Had the boy refused to share the bread and the fish, then they would not have eaten that evening. The Gospel today is about the multiplication of the bread and fish of which Jesus and his disciples were able to feed about five thousand men. This scene is a beautifully described to us in the account of John the Evangelist when he narrated:
After this Jesus went to the other side of the Sea of Galilee, near Tiberias, and large crowds followed him, because of the miraculous signs they saw, when he healed the sick. So, he went up into the hills and sat down there with his disciples. Now the Passover, the feast of the Jews, was at hand. Then lifting up his eyes, Jesus saw the crowds that were coming to him, and said to Philip, “Where shall we buy bread so that these people may eat?” He said this to test Philip, for he himself knew what he was going to do. Philip answered him, “Two hundred silver coins would not buy enough bread for each of them to have a piece.” Then one of Jesus’ disciples, Andrew, Simon Peter’s brother, said, There is a boy here who has five barley loaves and two fish, but what good are these for so many?” Jesus said, “Make the people sit down.” There was plenty of grass there, so the people, about five thousand men, sat down. Jesus then took the loaves, gave thanks, and distributed them to those who were seated. He did the same with the fish, and gave them as much as they wanted. And when they had eaten enough, he told his disciples, “Gather up the pieces left over, that nothing may be lost.” So they gathered them up and filled twelve baskets with bread, that is, with pieces of the five barley loaves left over by those who had eaten. When the people saw the miracle which Jesus had performed, they said, “This is really the Prophet, the one who is to come into the world.” Jesus realized that they would come and take him by force to make him king, so he fled to the hills by himself. —John 6: 1-15
In our everyday life, it is a fact that there are those who have most and who have less. Some of us are given big opportunities while others are tremendous limitations and deprivations.
People ask for more, and more. People need new perspectives and new directions in their lives. The cries of the people of Israel during the time of Jesus were of newness in life and in their way of living. The large crowds followed Jesus to listen to his teachings are mostly those who “have nots.” They are referred to as sheep without a shepherd.
In the Gospel, while Jesus was preaching and healing, and preparing for the feast of the Passover, Jesus saw that the people have not yet eaten. His concern was how to feed the crowd and he called Philip, one of his disciples. Philip retorted that it is impossible to procure the needed food since the number is so large, around five thousand men. And Philip found a boy with barely five loaves of bread and two pieces of fish.
Jesus asked them to sit and then he prayed and raised the bread and the fish. And there was plenty of bread that followed. The miracle of God’s goodness and providence once again have been experienced by the people. The miracle that everyone was fed and filled while the left over were still more. This is the miracle of sharing love, of concern, of care. Jesus’ concern for the people and the boy who was also willing to share his bread and fish. And the people followed to start sharing their goods and lives after they witnessed and received.
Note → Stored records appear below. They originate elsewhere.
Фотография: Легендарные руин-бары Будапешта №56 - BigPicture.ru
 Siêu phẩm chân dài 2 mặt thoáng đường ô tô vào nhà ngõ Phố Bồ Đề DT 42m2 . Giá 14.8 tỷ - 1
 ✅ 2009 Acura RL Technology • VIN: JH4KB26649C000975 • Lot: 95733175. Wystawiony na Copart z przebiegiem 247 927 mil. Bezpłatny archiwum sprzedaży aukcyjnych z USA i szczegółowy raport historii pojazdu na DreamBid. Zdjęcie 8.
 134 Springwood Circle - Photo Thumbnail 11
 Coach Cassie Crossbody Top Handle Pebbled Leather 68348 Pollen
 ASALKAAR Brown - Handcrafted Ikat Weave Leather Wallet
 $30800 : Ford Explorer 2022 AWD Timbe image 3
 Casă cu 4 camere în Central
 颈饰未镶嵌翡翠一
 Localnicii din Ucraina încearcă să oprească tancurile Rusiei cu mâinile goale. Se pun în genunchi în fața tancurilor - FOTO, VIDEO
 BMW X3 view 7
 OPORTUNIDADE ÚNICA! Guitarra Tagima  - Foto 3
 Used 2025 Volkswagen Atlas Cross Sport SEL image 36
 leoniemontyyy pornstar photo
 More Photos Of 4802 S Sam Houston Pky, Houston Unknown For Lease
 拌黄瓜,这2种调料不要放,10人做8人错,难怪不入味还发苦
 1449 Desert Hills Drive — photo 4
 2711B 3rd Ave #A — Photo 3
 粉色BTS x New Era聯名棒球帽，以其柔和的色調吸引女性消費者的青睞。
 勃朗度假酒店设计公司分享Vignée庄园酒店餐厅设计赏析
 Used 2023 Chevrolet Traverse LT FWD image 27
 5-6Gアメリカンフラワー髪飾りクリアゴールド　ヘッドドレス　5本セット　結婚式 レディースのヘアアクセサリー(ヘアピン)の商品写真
Every year, the Sunday after the feast of Our Lady of Mount Carmel (July 16) and the Prophet Elijah (July 20), the Carmelites in Manila and its neighboring provinces gather for the annual celebration of the Carmelite Family Day. The miracle of God’s family and goodness is being relived and celebrated by the Carmelites and who reflected this year on “Kindling the Carmelite Spirit in the Year of Faith at the Service of the Church.” The miracle of celebrating Carmelite life as one family in the Lord.
Eucharist, talk and refection, a program with games and presentations, and lunch shared by all highlig the event. Men and women, priests, the consecrated and lay, young and old, share the Bread of Life—Jesus as each one is committed to live out our Christian vocation in the Carmelite way. It is a multiplication of the bread of life in the hearts of every Carmelite.
But this invitation is not only for the Carmelites. All Christians are asked to listen to Jesus in the message of sharing love; and to share what we have. We share not only our food, but also our stories, our dreams and aspirations, our efforts and wishes, our very selves and our mission. We need to listen to God and do whatever He tells us what to do.
Let us ask ourselves the following;
Am I willing to share what I have and with those who “have nots”?
Am I open to share my talents, treasures and time with those who are in need?
Do I pray and lift my eyes to the heavens and surrender to God my everything?
Prayer: Lord our God, may we never go hungry and thirsty in this world as we take and enjoy the graces that we receive everyday. Help us to see you in the people who seek for truth and meanings. Help us to be always trustful and generous so that we will be able to share our lives and goods, great and small may be, with the people around us. This we ask though Christ our Lord, who lives and reigns with You, and the Holy Spirit, one God, forever and ever. Amen.